Machine Learning Approaches for Real-Time Carbon Emission Prediction: A Comparative Study of Ensemble and Regression Algorithms
Keywords:
Carbon Emission Prediction, Machine Learning, Random Forest, XGBoost, Regression Analysis, Ensemble Methods, Environmental Sustainability, Flask Framework, Feature Engineering, Emission Rating.Abstract
Climate change driven by anthropogenic greenhouse
gas emissions represents a critical global challenge,
with transportation sector contributing approximately
24% of global CO₂ emissions. Traditional
dynamometer-based emission testing fails to capture
real-world driving variability and vehicle-specific
parameters. This paper presents a comprehensive
machine learning framework for real-time prediction
of vehicular carbon dioxide emissions through
comparative evaluation of six regression algorithms:
Linear Regression, Random Forest, Decision Tree,
XGBoost, AdaBoost, and Lasso. The system employs a
synthetic dataset of 7,000 vehicle records with nine
features including engine size, cylinder count, fuel
type, transmission configuration, and fuel
consumption metrics. Feature engineering
incorporates power-to-weight ratio, efficiency index,
and polynomial transformations capturing non-linear
emission relationships. Ensemble methods
demonstrate superior performance, with Random
Forest achieving R² = 99.34%, MAE = 4.54 g/km,
RMSE = 7.83 g/km, outperforming individual learners
by 15-35%. XGBoost attains R² = 98.76% with
gradient boosting optimization. A Flask web
application provides interactive prediction interface
with Bootstrap 5 dark theme, user authentication via
Werkzeug password hashing, SQLite database for
prediction history tracking, and Chart.js analytics
dashboard visualizing emission trends. The system
implements 10-point environmental rating algorithm
classifying vehicles from 'Excellent' (≤100 g/km) to
'Very Poor' (>300 g/km), promoting environmental
awareness. Performance evaluation across 1,400 test
samples validates prediction accuracy within ±10
g/km for 96.3% of cases. Docker containerization
enables scalable deployment on cloud platforms.
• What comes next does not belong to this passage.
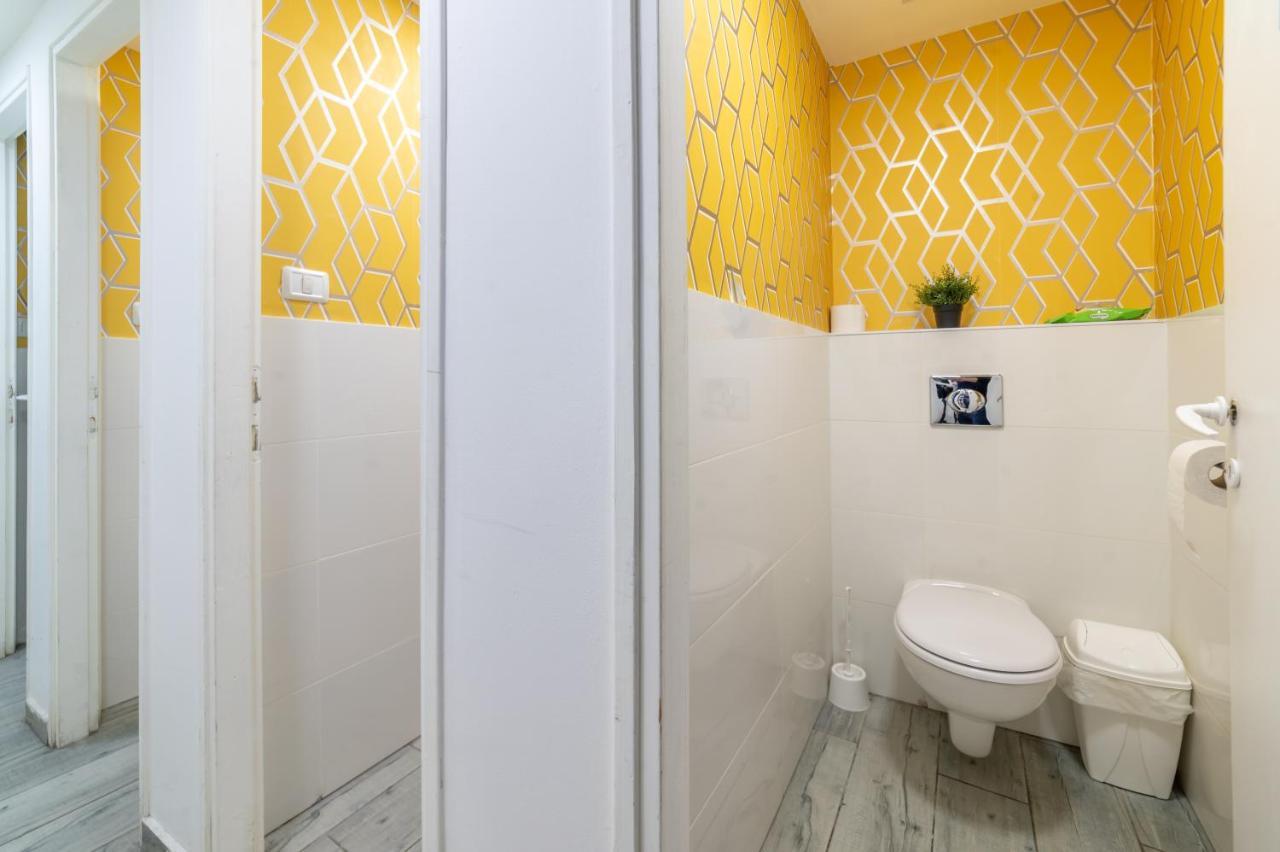 القدس Capsule Inn المظهر الخارجي الصورة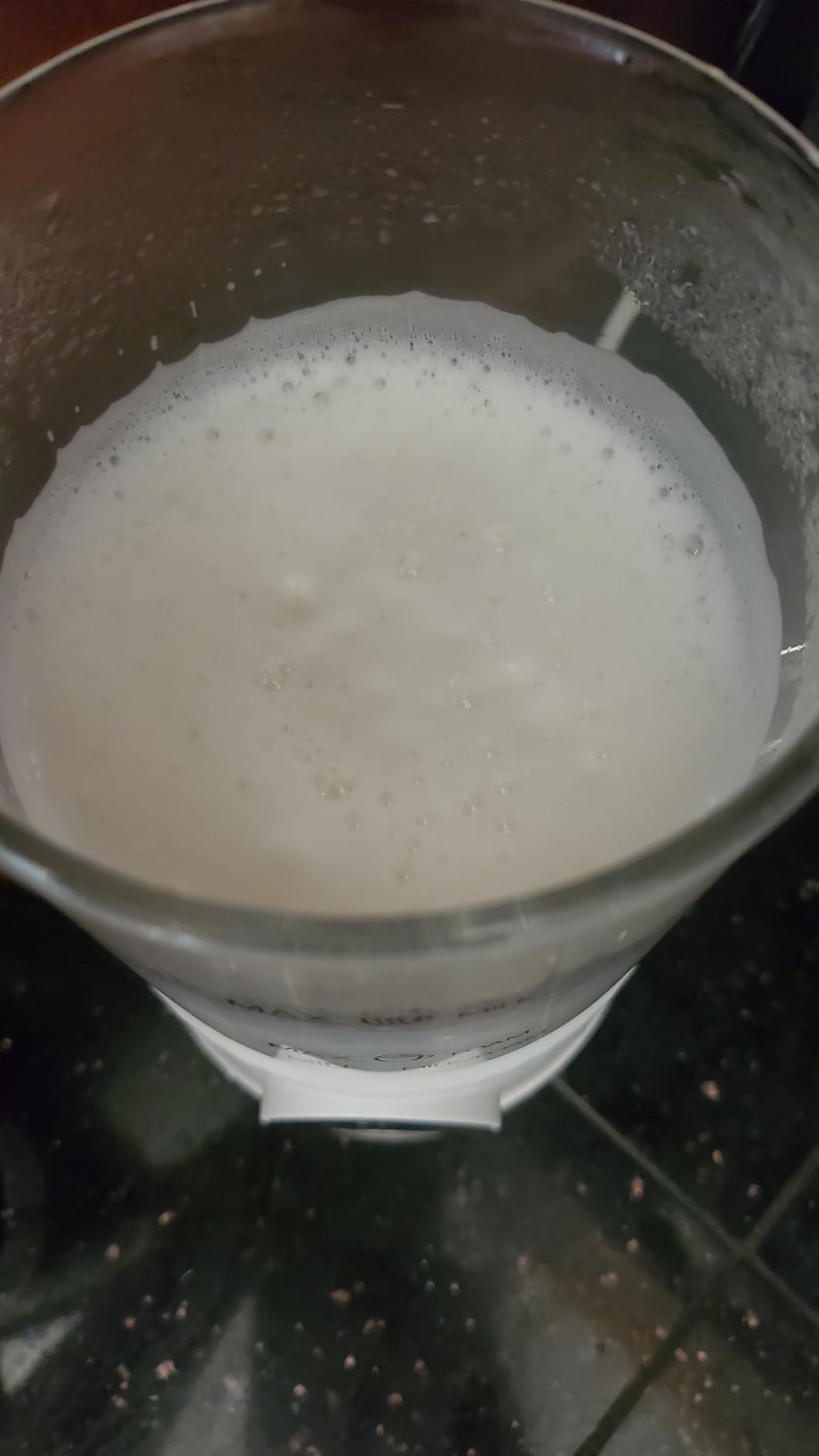 Casimhu 4-in-1 Milk Frother, Electric Milk Frother and Steamer with LED Touch Screen, Ceramic Lining Bottom, Milk Warmer 13.52oz for Lattes, Cappuccinos, and Macchiatos at Home, White customer photo 2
Comparative analysis reveals Random Forest's
robustness to outliers and non-linear patterns, while
XGBoost provides superior interpretability through
feature importance metrics. The platform successfully
democratizes carbon footprint assessment, enabling
consumers, fleet managers, and policymakers to make
data-driven decisions toward sustainable
transportation. Integration with real-time GPS and
OBD-II systems represents promising future
enhancement for dynamic emission monitoring.